The problem
Copy exactly, and only, the lines from the one with "Рубцовая алопеция Рубцовая алопеция" to the end of the listing; omit pictures.

Supplied information

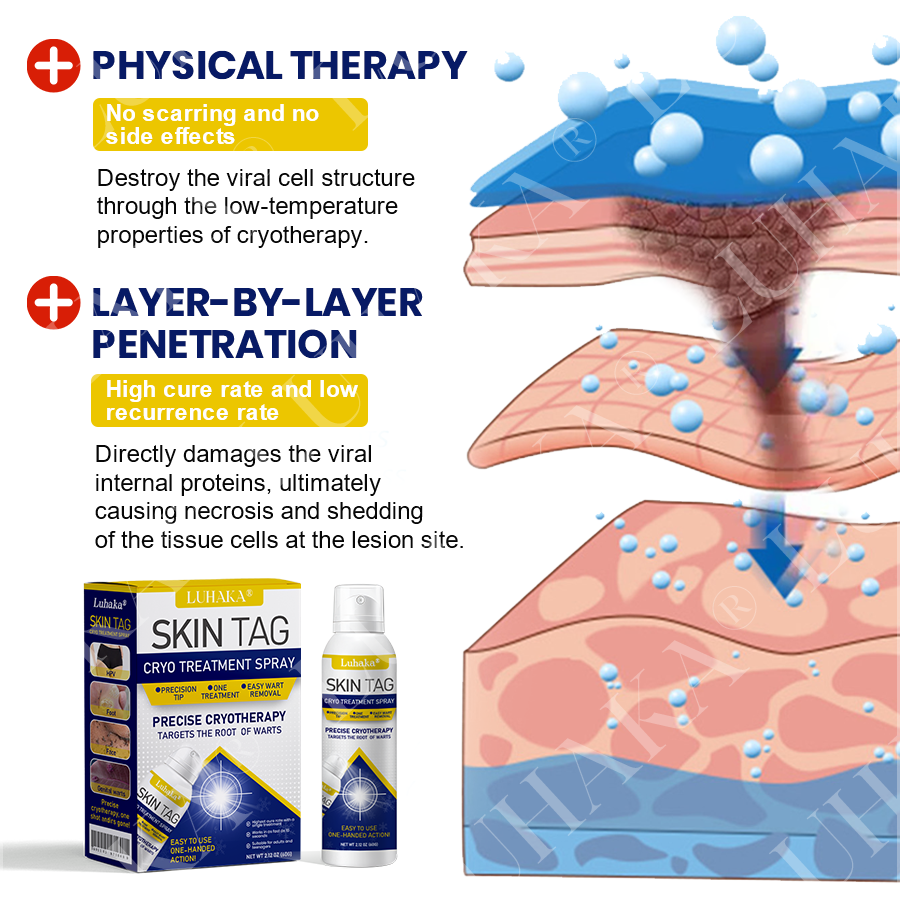 LUHAKA® SKIN TAG CRYO TREATMENT SPRAY🔷_Ultra1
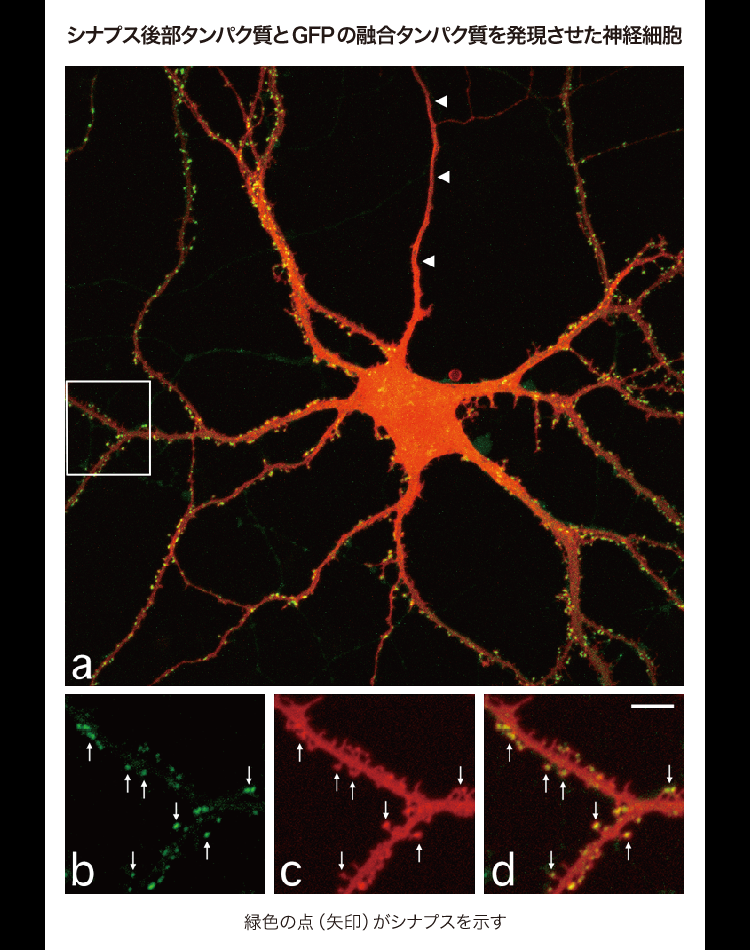 シナプス後部タンパク質とGFPの融合タンパク質を発現させた神経細胞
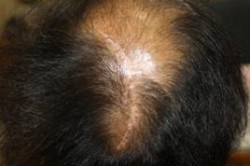 Рубцовая алопеция Рубцовая алопеция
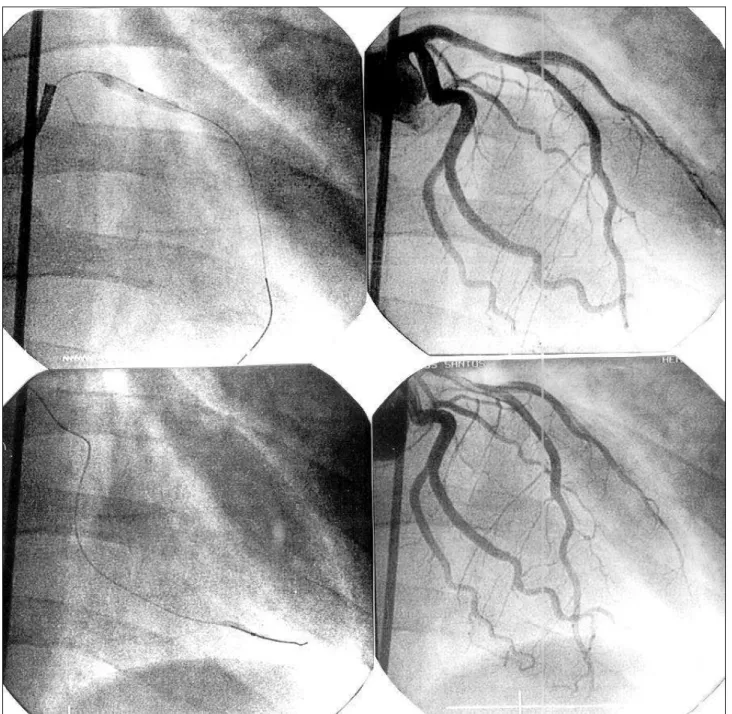Fig. 2 – A) Insufflated balloon in the proximal portion of the AD; B) contrast medium injection showing a successful procedure in the proximal third of the AD and occlusion of the distal third of the M2; C) Insufflated balloon in the distal portion of M2;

Solution for this task
 Рубцовая алопеция Рубцовая алопеция
Fig. 2 – A) Insufflated balloon in the proximal portion of the AD; B) contrast medium injection showing a successful procedure in the proximal third of the AD and occlusion of the distal third of the M2; C) Insufflated balloon in the distal portion of M2;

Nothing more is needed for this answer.